Everything you know about low-fat dieting is wrong.

Nature reveals that low-fat diets don’t really help you lose weight:

An analysis of 53 weight-loss studies that included more than 68,000 people has concluded that, despite their popularity, low-fat diets are no more effective than higher-fat diets for long-term weight loss.

And overall, neither type of diet works particularly well. A year after their diets started, participants in the 53 studies were, on average, only about 5 kilograms (11 pounds) lighter.

“That’s not that impressive,” says Kevin Hall, a physiologist at the US National Institute of Diabetes and Digestive and Kidney Diseases in Bethesda, Maryland. “All of these prescriptions for dieting seem to be relatively ineffective in the long term.”

The study, published in The Lancet Diabetes and Endocrinology, runs counter to decades’ worth of medical advice and adds to a growing consensus that the widespread push for low-fat diets was misguided.

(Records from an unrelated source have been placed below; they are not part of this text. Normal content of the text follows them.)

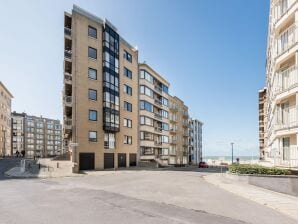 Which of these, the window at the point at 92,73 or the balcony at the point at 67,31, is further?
the window at the point at 92,73

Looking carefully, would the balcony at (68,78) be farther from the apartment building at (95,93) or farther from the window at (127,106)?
the window at (127,106)

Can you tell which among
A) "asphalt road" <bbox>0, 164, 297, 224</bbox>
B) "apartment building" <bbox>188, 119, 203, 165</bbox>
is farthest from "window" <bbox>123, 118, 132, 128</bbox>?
"apartment building" <bbox>188, 119, 203, 165</bbox>

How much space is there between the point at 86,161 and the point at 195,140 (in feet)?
253

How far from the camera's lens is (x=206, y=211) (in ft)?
37.3

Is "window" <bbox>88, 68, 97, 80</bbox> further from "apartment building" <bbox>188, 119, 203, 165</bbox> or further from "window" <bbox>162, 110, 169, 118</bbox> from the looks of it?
"apartment building" <bbox>188, 119, 203, 165</bbox>

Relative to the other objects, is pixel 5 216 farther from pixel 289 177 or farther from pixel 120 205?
pixel 289 177

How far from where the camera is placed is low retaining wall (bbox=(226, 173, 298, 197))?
667 inches

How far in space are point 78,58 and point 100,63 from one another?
384cm

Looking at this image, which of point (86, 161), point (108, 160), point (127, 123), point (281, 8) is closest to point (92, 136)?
point (86, 161)

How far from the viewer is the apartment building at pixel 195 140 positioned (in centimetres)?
10138

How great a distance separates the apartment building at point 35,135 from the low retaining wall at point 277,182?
11821 centimetres

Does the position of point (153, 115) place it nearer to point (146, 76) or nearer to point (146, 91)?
point (146, 91)

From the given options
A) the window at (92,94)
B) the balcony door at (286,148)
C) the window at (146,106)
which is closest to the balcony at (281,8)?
the balcony door at (286,148)

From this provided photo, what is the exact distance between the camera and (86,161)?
122 ft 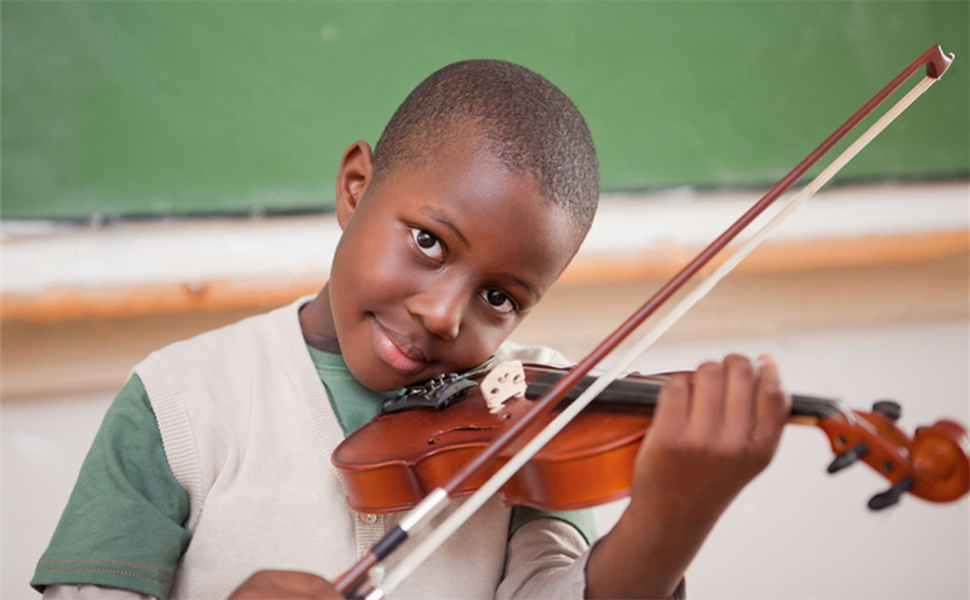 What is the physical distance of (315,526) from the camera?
0.56 meters

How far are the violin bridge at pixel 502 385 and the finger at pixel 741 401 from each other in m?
0.22

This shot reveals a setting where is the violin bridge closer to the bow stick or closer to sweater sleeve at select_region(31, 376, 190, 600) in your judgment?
the bow stick

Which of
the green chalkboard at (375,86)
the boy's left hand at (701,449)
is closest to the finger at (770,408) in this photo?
the boy's left hand at (701,449)

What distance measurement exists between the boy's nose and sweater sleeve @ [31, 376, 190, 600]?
21 cm

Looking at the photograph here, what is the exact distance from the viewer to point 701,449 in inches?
14.2

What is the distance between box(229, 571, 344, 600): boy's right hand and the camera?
14.3 inches

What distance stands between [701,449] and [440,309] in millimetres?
232

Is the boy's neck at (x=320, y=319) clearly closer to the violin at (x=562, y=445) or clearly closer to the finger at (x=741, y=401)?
the violin at (x=562, y=445)

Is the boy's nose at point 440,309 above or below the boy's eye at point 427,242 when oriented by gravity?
below

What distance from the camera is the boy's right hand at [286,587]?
36 cm

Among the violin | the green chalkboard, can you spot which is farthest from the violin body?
the green chalkboard

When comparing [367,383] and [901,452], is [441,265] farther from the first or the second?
[901,452]

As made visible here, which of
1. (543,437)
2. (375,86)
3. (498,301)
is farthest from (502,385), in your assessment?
(375,86)

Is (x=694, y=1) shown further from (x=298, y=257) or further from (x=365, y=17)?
(x=298, y=257) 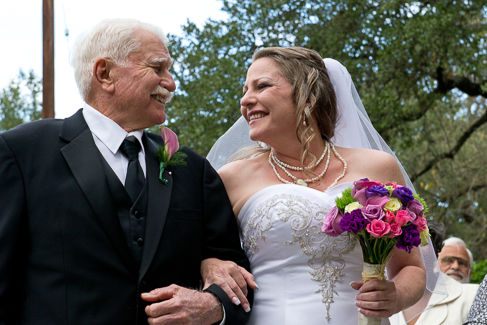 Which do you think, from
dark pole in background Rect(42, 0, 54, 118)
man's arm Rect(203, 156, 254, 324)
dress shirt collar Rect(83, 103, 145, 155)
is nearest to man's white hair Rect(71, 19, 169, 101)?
dress shirt collar Rect(83, 103, 145, 155)

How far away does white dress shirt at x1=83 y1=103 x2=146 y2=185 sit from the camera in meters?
3.02

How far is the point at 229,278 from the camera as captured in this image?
3.13 metres

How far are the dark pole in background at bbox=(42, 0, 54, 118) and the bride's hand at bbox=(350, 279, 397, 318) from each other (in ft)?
18.0

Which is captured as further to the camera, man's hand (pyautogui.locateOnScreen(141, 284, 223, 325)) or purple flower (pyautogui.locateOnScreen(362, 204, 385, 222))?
purple flower (pyautogui.locateOnScreen(362, 204, 385, 222))

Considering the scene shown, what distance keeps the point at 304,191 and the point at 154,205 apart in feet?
3.75

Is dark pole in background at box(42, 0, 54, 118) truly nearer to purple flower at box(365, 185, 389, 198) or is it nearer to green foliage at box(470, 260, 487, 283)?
purple flower at box(365, 185, 389, 198)

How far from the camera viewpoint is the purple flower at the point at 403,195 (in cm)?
307

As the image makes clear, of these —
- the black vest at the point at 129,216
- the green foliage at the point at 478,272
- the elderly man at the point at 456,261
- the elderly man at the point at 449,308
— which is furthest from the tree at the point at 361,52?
the black vest at the point at 129,216

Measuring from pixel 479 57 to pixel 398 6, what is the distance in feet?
5.83

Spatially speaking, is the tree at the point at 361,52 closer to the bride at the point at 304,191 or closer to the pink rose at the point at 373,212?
the bride at the point at 304,191

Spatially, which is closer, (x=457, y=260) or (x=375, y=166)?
(x=375, y=166)

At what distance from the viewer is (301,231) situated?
140 inches

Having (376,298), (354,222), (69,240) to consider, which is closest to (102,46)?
(69,240)

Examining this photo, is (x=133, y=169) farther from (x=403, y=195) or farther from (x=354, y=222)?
(x=403, y=195) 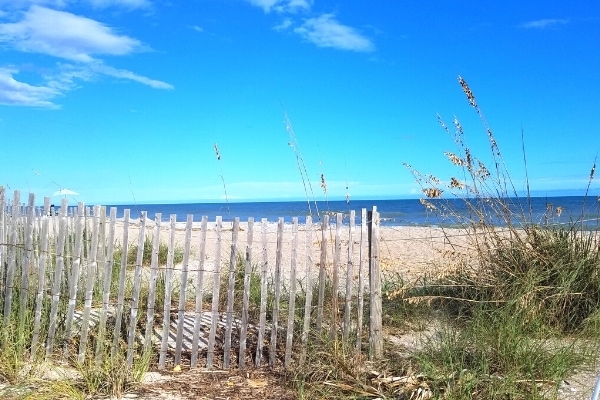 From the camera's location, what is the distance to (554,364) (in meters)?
4.16

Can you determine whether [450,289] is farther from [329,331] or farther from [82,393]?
[82,393]

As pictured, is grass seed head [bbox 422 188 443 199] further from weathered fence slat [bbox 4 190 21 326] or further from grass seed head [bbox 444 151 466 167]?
weathered fence slat [bbox 4 190 21 326]

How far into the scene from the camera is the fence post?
195 inches

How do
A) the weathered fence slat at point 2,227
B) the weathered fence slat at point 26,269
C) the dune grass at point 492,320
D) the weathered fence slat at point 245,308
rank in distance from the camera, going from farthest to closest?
the weathered fence slat at point 2,227
the weathered fence slat at point 26,269
the weathered fence slat at point 245,308
the dune grass at point 492,320

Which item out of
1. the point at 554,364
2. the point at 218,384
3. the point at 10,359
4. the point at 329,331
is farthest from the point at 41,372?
the point at 554,364

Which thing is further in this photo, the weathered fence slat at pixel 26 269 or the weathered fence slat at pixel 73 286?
the weathered fence slat at pixel 26 269

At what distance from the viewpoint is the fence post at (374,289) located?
4.96 meters

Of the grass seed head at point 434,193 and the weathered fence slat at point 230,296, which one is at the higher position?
the grass seed head at point 434,193

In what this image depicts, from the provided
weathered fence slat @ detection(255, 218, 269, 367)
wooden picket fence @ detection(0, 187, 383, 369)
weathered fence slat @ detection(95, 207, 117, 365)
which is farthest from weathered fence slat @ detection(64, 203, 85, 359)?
weathered fence slat @ detection(255, 218, 269, 367)

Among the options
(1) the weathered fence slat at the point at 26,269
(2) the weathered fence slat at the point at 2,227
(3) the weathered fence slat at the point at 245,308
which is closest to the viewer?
(3) the weathered fence slat at the point at 245,308

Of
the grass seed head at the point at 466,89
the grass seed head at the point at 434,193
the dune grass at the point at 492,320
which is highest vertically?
the grass seed head at the point at 466,89

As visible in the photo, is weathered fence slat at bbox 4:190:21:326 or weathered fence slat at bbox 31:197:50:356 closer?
weathered fence slat at bbox 31:197:50:356

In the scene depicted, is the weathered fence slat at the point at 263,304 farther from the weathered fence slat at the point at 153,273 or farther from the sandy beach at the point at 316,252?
the weathered fence slat at the point at 153,273

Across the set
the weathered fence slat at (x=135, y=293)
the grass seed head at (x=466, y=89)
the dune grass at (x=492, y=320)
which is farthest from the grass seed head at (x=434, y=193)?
the weathered fence slat at (x=135, y=293) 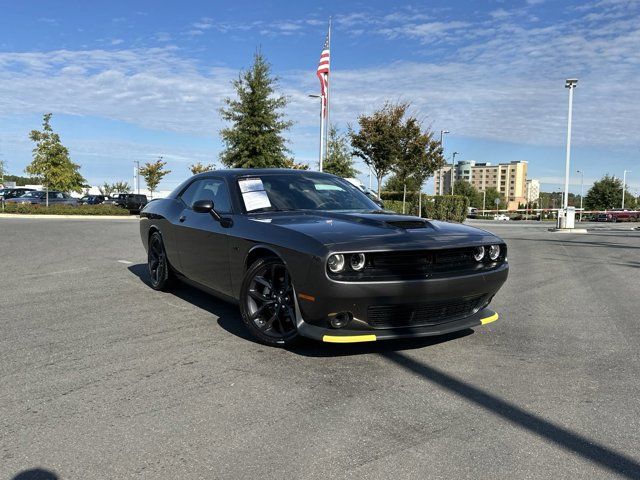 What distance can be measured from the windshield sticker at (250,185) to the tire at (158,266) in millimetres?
1623

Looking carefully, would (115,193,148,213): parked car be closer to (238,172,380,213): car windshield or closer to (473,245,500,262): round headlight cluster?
(238,172,380,213): car windshield

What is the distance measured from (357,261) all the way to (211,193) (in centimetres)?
232

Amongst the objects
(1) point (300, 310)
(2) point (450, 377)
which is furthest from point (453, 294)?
(1) point (300, 310)

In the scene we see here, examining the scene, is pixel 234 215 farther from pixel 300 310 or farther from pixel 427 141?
pixel 427 141

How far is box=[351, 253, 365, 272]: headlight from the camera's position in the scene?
3518mm

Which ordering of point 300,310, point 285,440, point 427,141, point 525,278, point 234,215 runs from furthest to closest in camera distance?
point 427,141 → point 525,278 → point 234,215 → point 300,310 → point 285,440

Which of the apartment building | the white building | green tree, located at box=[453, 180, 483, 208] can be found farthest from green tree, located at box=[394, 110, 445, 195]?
the white building

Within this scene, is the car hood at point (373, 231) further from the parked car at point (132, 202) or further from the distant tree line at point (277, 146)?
the parked car at point (132, 202)

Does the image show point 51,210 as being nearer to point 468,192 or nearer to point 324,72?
point 324,72

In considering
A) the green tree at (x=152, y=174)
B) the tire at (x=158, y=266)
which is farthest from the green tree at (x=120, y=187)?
the tire at (x=158, y=266)

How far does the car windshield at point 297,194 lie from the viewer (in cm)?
473

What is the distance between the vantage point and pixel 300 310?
3.68 m

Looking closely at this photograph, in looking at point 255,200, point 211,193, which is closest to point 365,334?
point 255,200

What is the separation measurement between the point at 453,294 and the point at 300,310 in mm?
1083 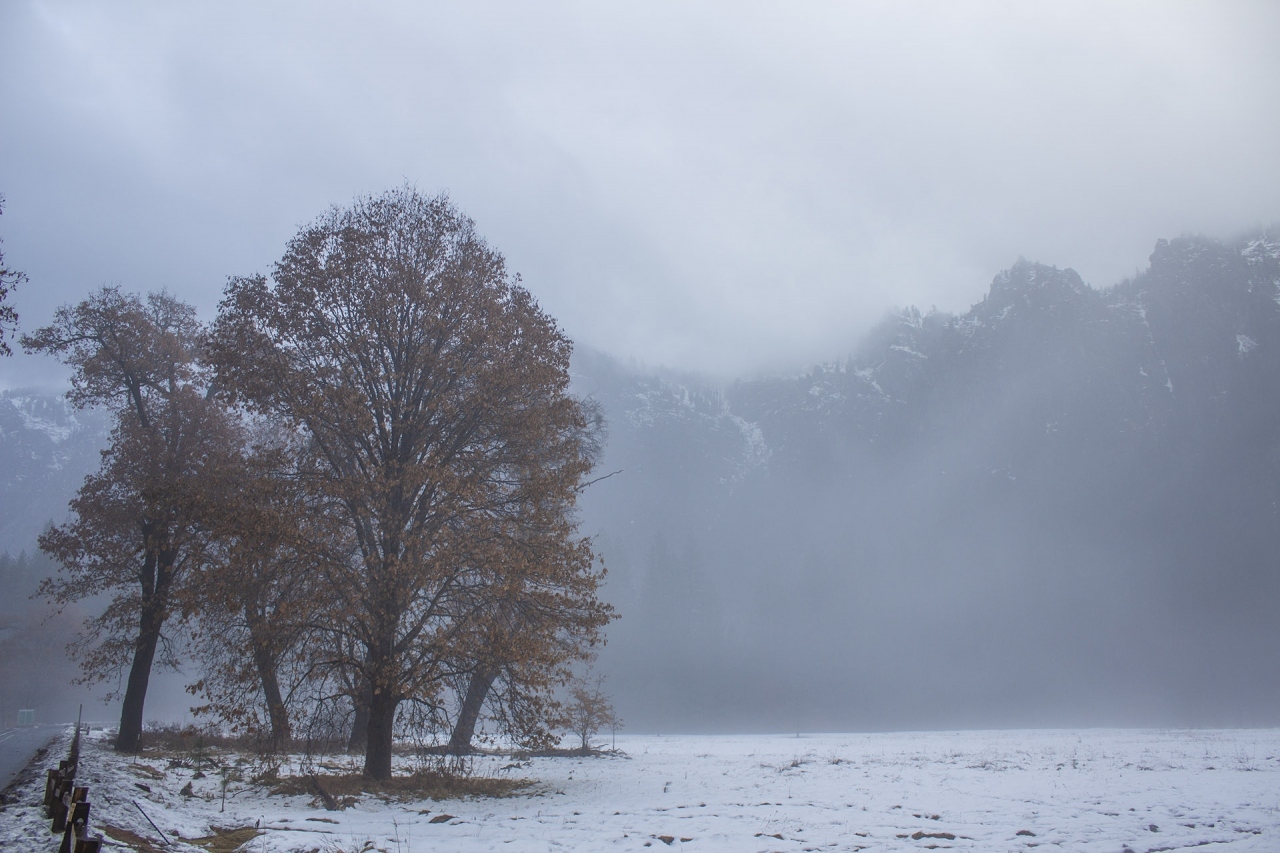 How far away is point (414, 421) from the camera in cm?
1471

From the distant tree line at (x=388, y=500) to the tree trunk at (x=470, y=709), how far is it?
0.50 ft

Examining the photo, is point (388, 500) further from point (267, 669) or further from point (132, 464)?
point (132, 464)

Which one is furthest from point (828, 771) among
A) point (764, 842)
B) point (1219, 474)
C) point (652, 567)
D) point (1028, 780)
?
point (1219, 474)

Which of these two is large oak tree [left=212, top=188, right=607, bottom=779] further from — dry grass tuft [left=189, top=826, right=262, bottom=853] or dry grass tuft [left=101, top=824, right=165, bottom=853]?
dry grass tuft [left=101, top=824, right=165, bottom=853]

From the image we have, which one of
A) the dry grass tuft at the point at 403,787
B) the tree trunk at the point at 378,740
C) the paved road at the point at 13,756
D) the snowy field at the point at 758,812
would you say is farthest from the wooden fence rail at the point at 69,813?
the paved road at the point at 13,756

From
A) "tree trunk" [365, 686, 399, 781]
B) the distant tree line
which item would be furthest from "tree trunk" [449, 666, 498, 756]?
"tree trunk" [365, 686, 399, 781]

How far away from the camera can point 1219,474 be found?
15112 cm

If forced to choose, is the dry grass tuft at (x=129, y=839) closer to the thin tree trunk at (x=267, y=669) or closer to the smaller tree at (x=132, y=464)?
the thin tree trunk at (x=267, y=669)

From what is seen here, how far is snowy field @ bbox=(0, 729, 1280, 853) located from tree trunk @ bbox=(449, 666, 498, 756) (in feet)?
5.49

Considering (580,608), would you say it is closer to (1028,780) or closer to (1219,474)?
(1028,780)

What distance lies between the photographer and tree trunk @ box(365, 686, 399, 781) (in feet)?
45.6

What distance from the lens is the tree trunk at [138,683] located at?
60.7ft

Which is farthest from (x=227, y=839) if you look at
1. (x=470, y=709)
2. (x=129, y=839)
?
(x=470, y=709)

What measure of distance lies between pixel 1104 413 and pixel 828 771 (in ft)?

No matter what the diet, the key to weight loss is to burn more calories than are taken in. Fats contain more than twice as many calories per gram as proteins or carbohydrates. It seemed logical, then, to reduce fat as a means of reducing calories overall, says Hall.

No one knows for sure why this strategy failed, says Tobias. But often those fats were replaced by carbohydrates, which can leave dieters feeling less sated and more prone to snacking.